The Speakup Linux Trojan Threat — What We Know About the Ongoing Attacks
The main method through which infections are made is a bug in ThinkkPHP which is tracked in the CVE-2018-20062 advisory which reads the following:
An issue was discovered in NoneCms V1.3. thinkphp/library/think/App.php allows remote attackers to execute arbitrary PHP code via crafted use of the filter parameter, as demonstrated by the s=index/\think\Request/input&filter=phpinfo&data=1 query string.
If a vulnerable service is done the SpeakUp Linux Trojan will run a crafted network request which will lead to the successful infection. A distinct characteristic is the execution of a Python based script which can scan the reachable machines on the local network. This is done in order to look for specific vulnerabilities — the malware code will attempt to infect them by attempting to trigger remote code execution bugs. The current campaign targets the following vulnerabilities:
- CVE-2012-0874 — JBoss Enterprise Application Platform Multiple Security Bypass Vulnerabilities
- CVE-2010-1871 — JBoss Seam Framework remote code execution
- JBoss AS 3/4/5/6 — Remote Command Execution
- CVE-2017-10271 — Oracle WebLogic wls-wsat Component Deserialization RCE
- CVE-2018-2894 — Vulnerability in the Oracle WebLogic Server component of Oracle Fusion Middleware
- Hadoop YARN ResourceManager — Command Execution
- CVE-2016-3088 — Apache ActiveMQ Fileserver File Upload Remote Code Execution Vulnerability
We have received confirmation that the current attacks are set against machines located in East Asia and Latin America. The researchers have also uncovered that AWS hosted services have also been affected. What’s more dangerous is that due to the fact that the code is written using proper code it can also infect Mac machines.
The SpeakUp Linux Trojan Infection Capabilities and Observed Behavior
As soon as a successful infiltration attempt has been made the malicious script will pull an ibus payload which is to be injected in the “tmp” location. From there on the actual backdoor will be run. It is programmed to retrieve a Perl script from a remote server and run it after a two second delay. The original file will be removed in order to make it impossible to find out the evidence and route of infection. This second-stage payload will perform its intended functions using encoded memory — this is done in order to make it impossible for analysis to be done without decoding the stream in real-time.
Effectively a security bypass is enforced on the victim computers — the virus installation is delayed which goes around the typical heuristics scan done by antivirus programs. Additionally as the memory operations are encoded the security software may not be able to read the processes and identify that a threat is present. Effectively this can strategy can be used to remove the engines or the applications altogether. The list of programs that are to be affected include anti-virus programs, firewalls, intrusion detection systems, virtual machine hosts and sandbox environments.
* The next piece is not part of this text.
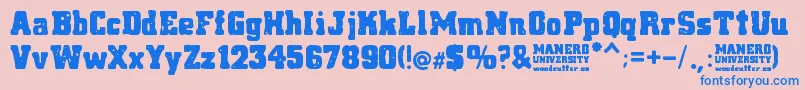 Manero University Font – Blue Fonts on Pink Background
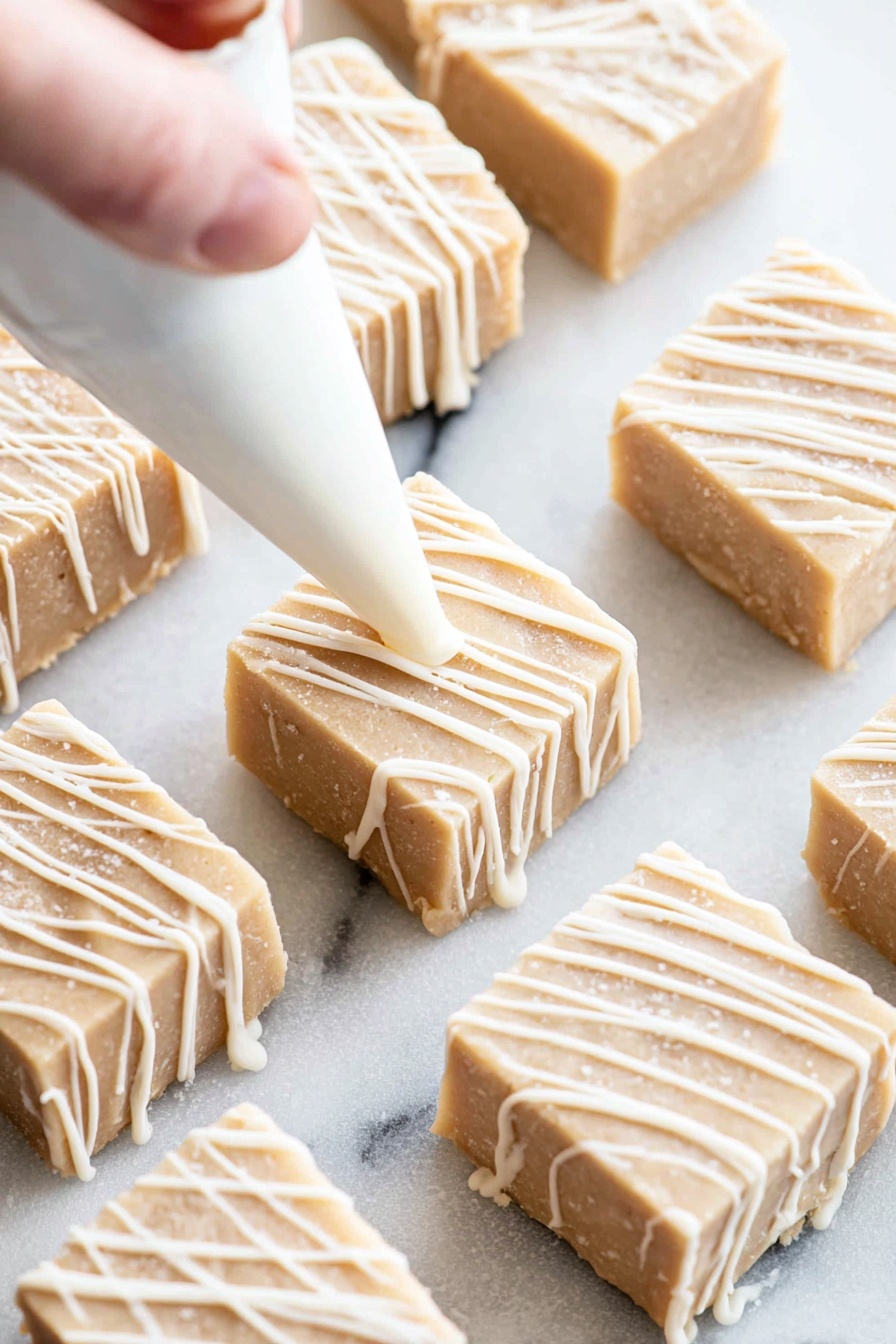 Cinnamon Roll Fudge, cinnamon roll fudge recipe, easy cinnamon fudge, creamy cinnamon fudge, holiday fudge ideas - Several small square pieces of light beige fudge with a smooth texture are placed on a white marbled surface. Each piece is being decorated with thin diagonal white icing lines that add contrast and a glossy look. A woman's hand holding a white piping bag is adding the icing in soft, even strokes, creating a neat, drizzled pattern across each fudge square. The fudge squares have slightly rounded edges and appear soft but firm. photo taken with an iphone --ar 2:3 --v 7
The main goal of the SpeakUp Linux Trojan is to establish a secure connection to a hacker-controlled server. It essentially allows the criminals to execute commands, many of which are built into the engine. All they need is to simply pass on the required argument to the local service. The analysis shows that the communication is done at regular intervals which are labeled as “knocks”. The SpeakUp Linux Trojan will ensure that only a single instance is running at a time by specifying an internal mutex signature. Several of the commands that are available to the hacker operators have been captured via network analysis:
- newtask — This command will run a hacker-uploaded code or file on the infected machine. It is also used to instruct the hosts into downloading and running a file from a remote service. Other possible tasks include the killing of running processes or uninstalling them. An up-to-date status report can also be requested from the machines.
- notask — This will sleep the local SpeakUp Linux Trojan instance and follow-up the server for the startup of additional commands.
- newerconfig — This will update the configuration file.
It appears that one of the main goals is to deploy a cryptocurrency miner. This is a trend in the last few years wherein these small-sized applications will take advantage of the hardware resources by executing intensive tasks. They will place a heavy load on the CPU, GPU, memory and hard disk space. Whenever one of them is complete the hacker operators will receive digital currency that will be directly wired to their wallets.
We remind our readers that this information merely the represents the current version and activities of the virus samples as configured in the present. It is possible that the future versions will have a very different behavior pattern.